Cela peut être du à la méthode d’échantillonnage inadaptée à un bon tamisage des sédiments.
o 3 nouvelles espèces sont échantillonnées :
Arenicola marina
Heteromastus fifliformis
1 sipunculien
· Tous les MOLLUSQUES sont retrouvés à l'exception de Barnea candida
o 2 nouvelles espèces apparaissent :
Ostrea edulis
Littorina obtusata
· 3 espèces de CRUSTACES disparaissent :
Caprella sp.
Hyale nilsonni
Pisidia longicornis
o 4 espèces s'installent :
Liocarcinus depurator
Pachygraptus marmoratus
Crangon vulgaris
Bathyporeia sp
· Les PYCNOGONIDES, les ECHINODERMES sont absents en 2017
· On note le développement spectaculaire du TUNICIER Molgula sp. Qui dépasse 1000 individus au m2 dans l’infratidal, donc visible uniquement lors des très grandes marées.
- L’ascidie Ascidia sp. est remplacée par cette espèce qui prend avantage de l’apport de sédiments.
Conclusions
L’évolution faunistique observée pourrait correspondre à trois phénomènes écologiques synchrones :
- Certaines espèces comme Barnea candida, victimes de l’envasement de 1982-1983, n’ont pas réussi à recoloniser le platier du Bois de Cise. Il est possible que la prochaine méta-population voisine se soit située trop loin.
- Le couvert algal a diminué de façon drastique ne permettant plus aux espèces animales qui les occupent de survivre en quantité suffisante pour être échantillonnées par la méthode choisie.

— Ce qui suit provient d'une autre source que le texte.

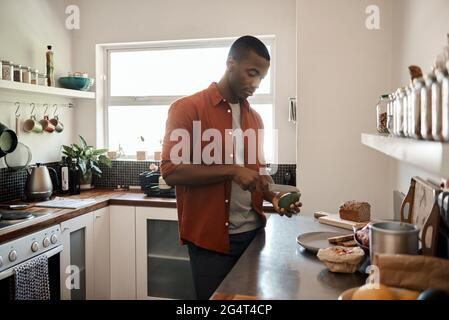 Young African man cutting an avocado in his kitchen Stock Photo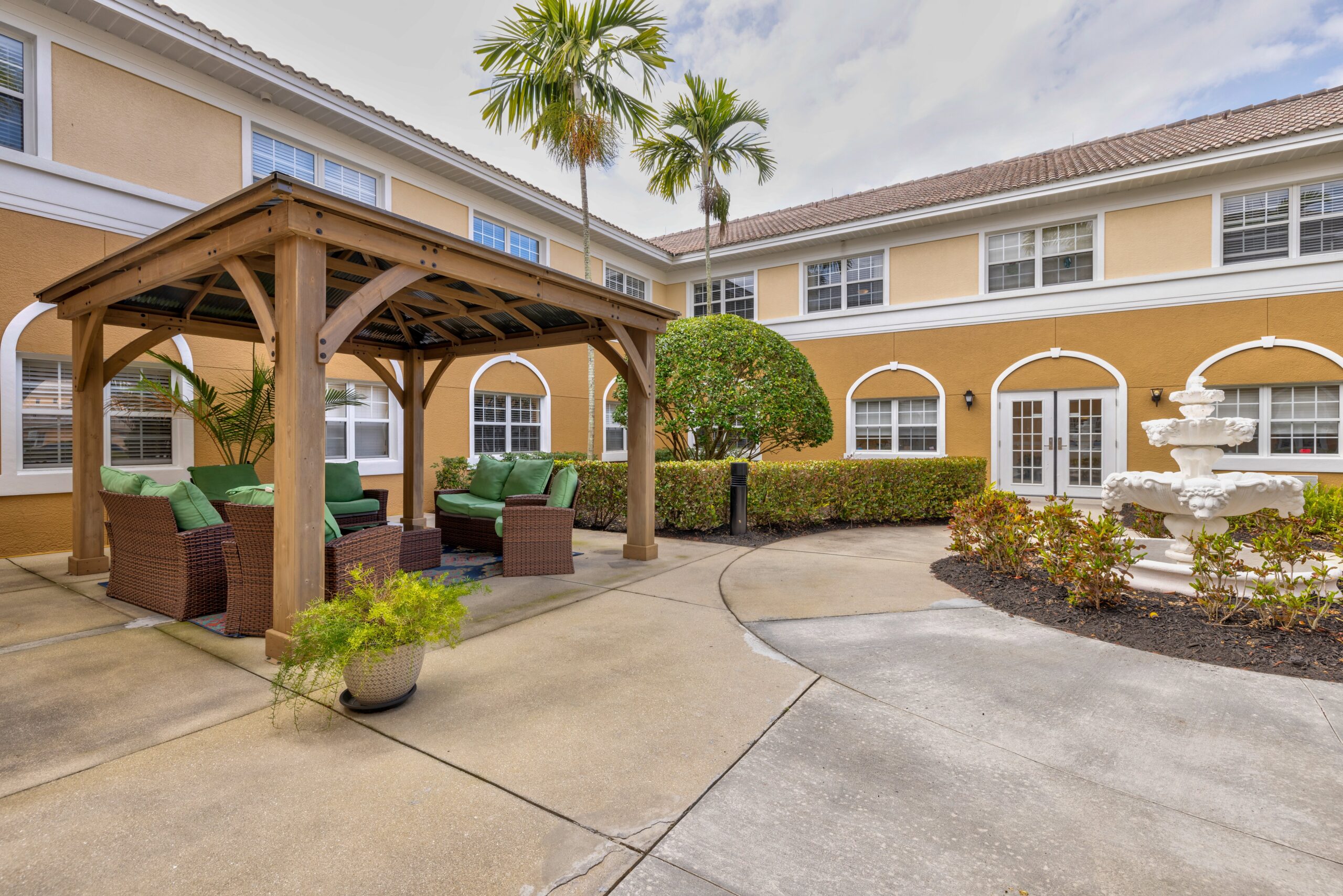 Outdoor seating area with palm trees and fountain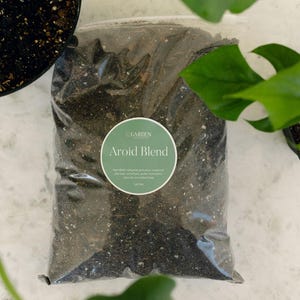 May include: A clear plastic bag filled with dark brown potting soil labeled Aroid Blend by Garden Collective. The circular green label lists ingredients including sphagnum peat moss, composted pine bark, orchid bark, perlite, and charcoal in a 1 gal bag.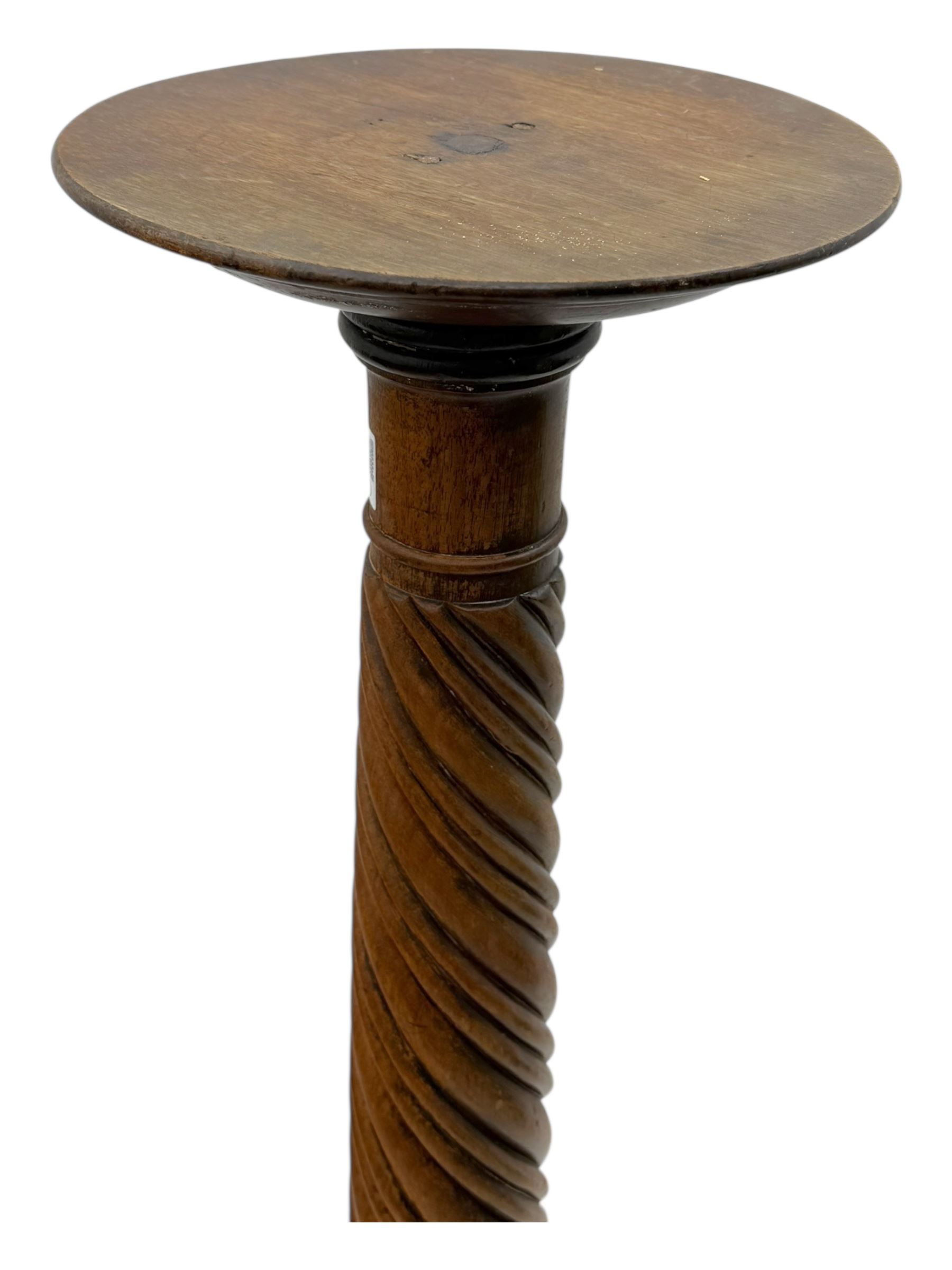 Late 19th century mahogany torchère stand, with circular top above a twisted and foliate carved collumn, on a scroll carved tripod base, on cabriole legs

Il s’agirait de cnidaires, de petits crustacés et de pycnogonides plutôt fragiles.
- Un ensablement (probablement des sablons comme en baie de Somme) se produit sur au moins les 2/3 du platier, vers le bas, mais surtout dans les niveaux moyens. Cela pourrait expliquer la disparition de certains polychètes peuplant des milieux propres et, a contrario, l’occupation des grandes étendues de sédiment par des espèces des sédiments meubles, particulièrement envasés comme ceux recherchés par H. filiformis. La même remarque peut s’appliquer aux crustacés, sachant que les deux petits crabes occupent des fonds de cuvette quelque peu envasés. Le relai entre les deux espèces de tuniciers est aussi révélateur du recouvrement sédimentaire sur les deux tiers inférieurs du platier.
Le sable recouvre de grandes étendues du platier sur la radiale B
Le platier est raboté sur la radiale C
On peut expliquer cette évolution en remarquant que l’hydrodynamisme local s’est renforcé, les courants de marée ayant probablement gagné en compétence, conséquence probable de l’accélération de l’élévation du niveau de la mer en liaison avec le réchauffement planétaire.
Les indices en sont :
- Le déclin du couvert algal et la diminution spectaculaire des bancs de moules Mytilus edulis.
- Les sédiments poussés par la marée, comme en baie de Somme.
- La taille impressionnante des galets du haut d’estran, le mouvement intense de ceux-ci ayant probablement joué un rôle dans la force physique du phénomène d’érosion du platier.
- Le recul accéléré de la falaise et la mise en suspension de poussière de craie.
A ces facteurs physiques, il faut ajouter le piétinement par les touristes dont la fréquentation augmente d’année en année. La pêche à pied, qui se pratique toujours, semble, par contre, passée de mode. Il est regrettable que les radiales ait été positionnées dans l’axe même de l’escalier d’accès depuis le parking.